Di eguale intensità è stato il terremoto che Berlusconi ha provocato nell’Unione, dove tutto era stato predisposto modellandolo sulla vecchia legge elettorale. Questa legge, come abbiamo già rilevato, non ci esalta, però è impossibile non cogliere la fragilità dello schieramento di sinistra, che è rimasto spiazzato dall’iniziativa avversaria ed è piombato di nuovo in un mare di tensioni e di contestazioni. Le certezze di qualche mese fa sono andate in frantumi e l’ostruzionismo messo in atto in Parlamento non ha prodotto alcun risultato: non di merito, perché il testo finale della legge ha accolto solo le modifiche suggerite dal Quirinale, e neppure di opinione, perché non è montata l’onda dell’indignazione che i partiti del centrosinistra pensavano di sollevare. Non è montata neppure contro la legge finanziaria, che resta un provvedimento da tempo di guerra e tuttavia ha sommato una serie di giudizi positivi. Comunque non quelli che la sinistra aveva catastroficamente previsto.
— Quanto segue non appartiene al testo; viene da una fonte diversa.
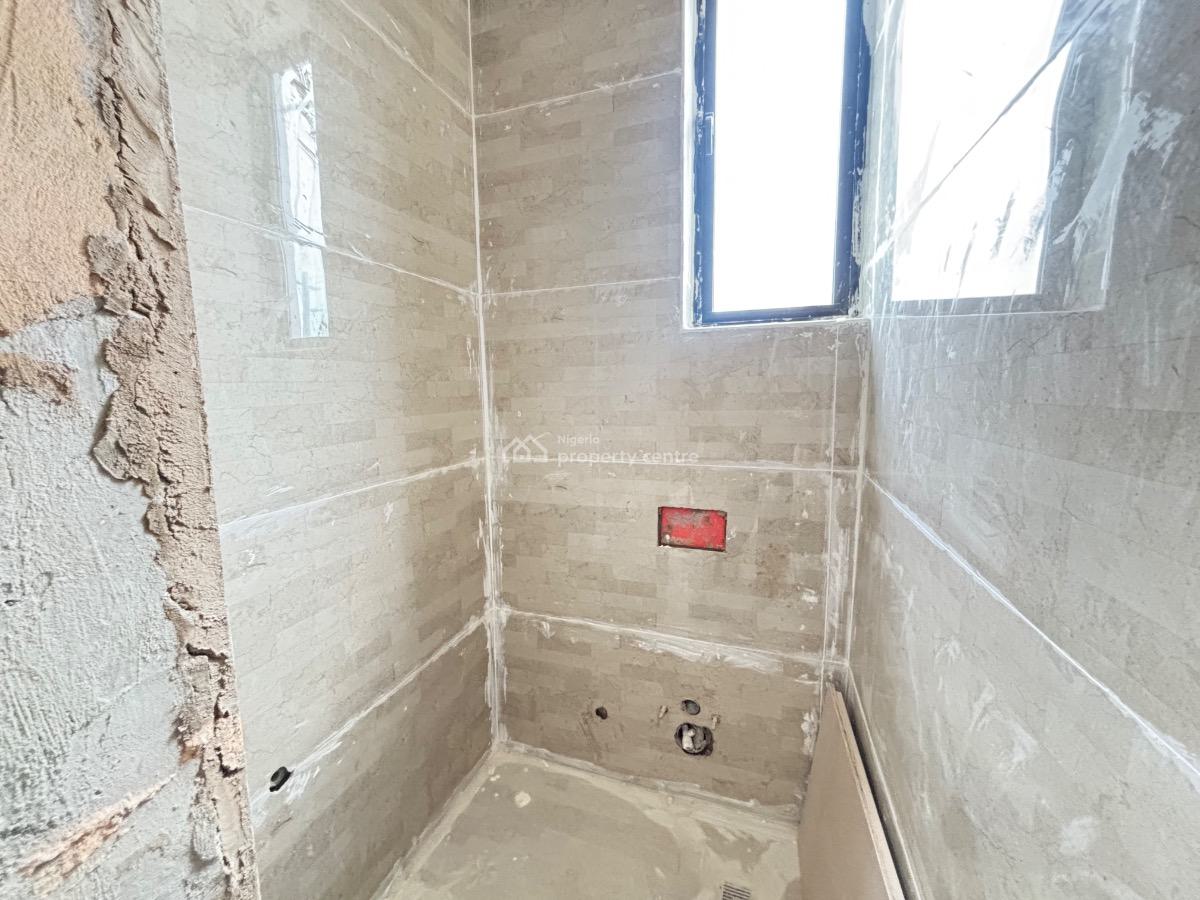 Cozy 2 Bedroom Apartment, Lekki Right, Oniru, Victoria Island (vi), Lagos, Flat / Apartment for Sale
Altri e gravi problemi sono sul tavolo del dibattito interno all’Unione. La necessità di scegliere un partito o, almeno, una lista ha messo Prodi in ambascia e, qualunque sarà la scelta finale, è come se gli avessero strappato di dosso la veste che l’accorta regia diessina gli aveva cucito in occasione delle primarie. Da leader indiscusso sopra le parti, è stato costretto a riprendere posto fra gli altri, un po’ più avanti ma non quanto serve per imporre una linea politica definita. Leader sì, come ha stabilito l’alto numero dei suffragi, ma primus inter pares, in mezzo a tanti che si sentono uguali e rivendicano la stessa dignità nella redazione del programma, tuttora una grande scommessa, considerate le divergenze che permangono, alcune inconciliabili soprattutto in politica estera.
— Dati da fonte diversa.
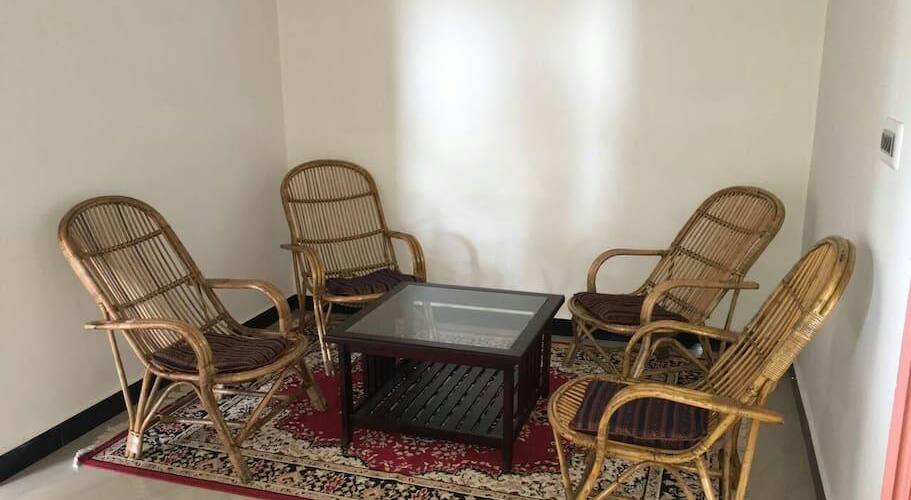 Woodside Homestay, Coonoor 3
È fin troppo facile prevedere che una intesa sarà comunque raggiunta per la campagna elettorale, per quanto la richiesta perentoria di Bertinotti («stando ai risultati delle primarie, ritengo di dover incidere sul programma almeno per un quarto») avrà già procurato qualche brivido a Prodi ed ai partiti di centro. Però, quando incombono le elezioni, prevale la tendenza a prendere voti, che poi confligge con la capacità di governo. È una esperienza già vissuta dalla coalizione di centrosinistra e che incombe come un incubo sul futuro dell’Unione. La prospettiva di accordi parlamentari alternativi che non abbiano più il significato del tradimento assume una dimensione angosciante.
In due mesi uno scenario che sembrava immobile e scontato si è velocemente mosso aprendo nuovi orizzonti. Ce ne sono altri cinque da affrontare. Saranno sufficienti a ribaltare previsioni che sembravano definitive?